Analyzing insult comedy in the PC age

bradgarrett8.jpgConsider the thin line between insults and insults—especially when the line is a one-liner.

Hypocrisy reigns in 2012: We mock the PC crowd as thought police while Internet anonymity breeds breathtaking nastiness—then we demand mea culpas from public figures for the smallest slips from their too-loose lips. Given that, what are we to make of insult comics in the 21st century—particularly Brad Garrett?

Recently, the big guy opened his new comedy joint at MGM Grand, machine-gunning front-row patrons, riffing on enough stereotypes to fuel an All in the Family reboot: Joke grenades were lobbed at Hispanics, women, African-Americans, the old, young, overweight—anyone in his sight range with a pulse and a personality trait.

Defenders cite the practice as cathartic: When verbal miscues can cost someone their job, it’s a release for people within the safe confines of comedy. Plus, by insulting everyone, it punctures stereotypes, exposing their foolishness. One supporter’s Internet screed likened it to S&M, asserting that like a partner getting spanked, willing victims of barbs interpret humiliation as love.

Critics condemn it on a simple definition: hate speech formalized and condoned within an entertainment setting.

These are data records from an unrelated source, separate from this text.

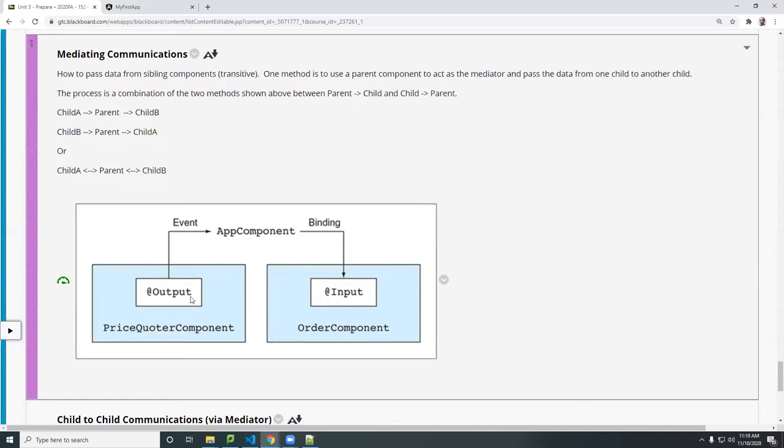So the child here, this is sending from the child component out. So again, using the output, receiving will be input. So if both data are being shared across, if they pass between the two, then both all these will have the output and the input, output and input as well.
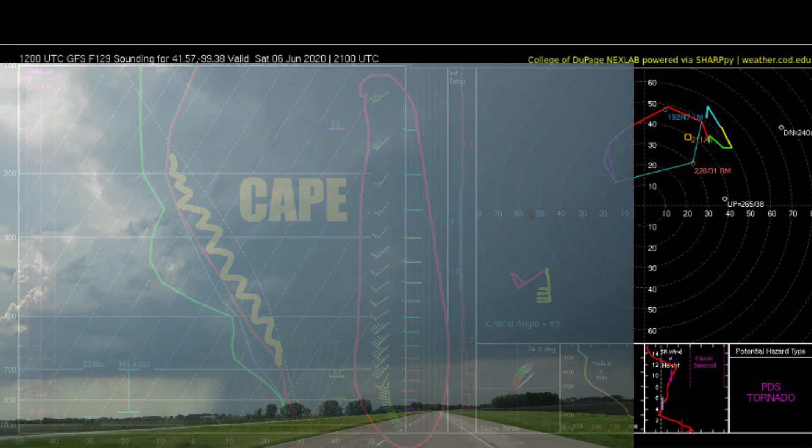Here I've overlaid an actual thunderstorm over the Skew-T plot on a day when tornadoes occurred nearby, to give you a better idea of what the instability and wind shear look like as we ascend up through the troposphere. There is an important layer of the lower atmosphere that is visible where the lines of the plot intersect right above the surface — this is something I will go into much more detail on in a future video.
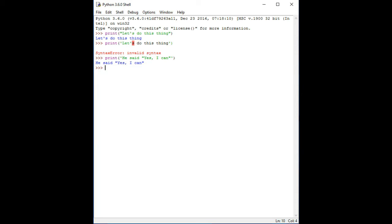For example, set X to the character 'G', Y to the character 'I', and Z to the character 'S'. After that, write X plus Y plus Z.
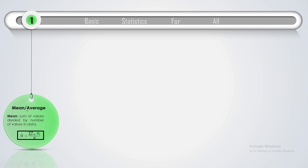Starting with the first one — of course you might already be aware of this famous term: mean or average. It is nothing but the sum of the values divided by the number of values in the data. The formula is x-bar equals sigma from i equal to 1 to n of x_i divided by n. Here, for convenience, I've changed x to o, where o stands for the observed data or observed value.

Garrett as a Next–Gen Don Rickles is the default comparison, but not quite analogous. Stage presence and delivery make the difference.

Beyond the fact that “Mr. Warmth” dates to a less-PC era and isn’t expected to reverse the shtick he’s built his career on, the short, bald Rickles is razor-tongued, but unthreatening, like a naughty child. Zingers play like playground banter for grown-ups. Often letting a few beats pass between barbs so it isn’t too oppressive, Rickles employs sly smiles or exaggerated expressions to deflate any sense of hostility.

Garrett—by all accounts a pleasant man who’s no bigot (and a hilarious sitcom actor)—is undermined by his own physicality. Towering at 6-foot-8, prowling a small stage that makes him look even larger, often leaning down close to his targets’ faces and firing off insults like a 20-round gun clip in his growly, basso-profundo voice, he’s an intimidating presence, even unintentionally.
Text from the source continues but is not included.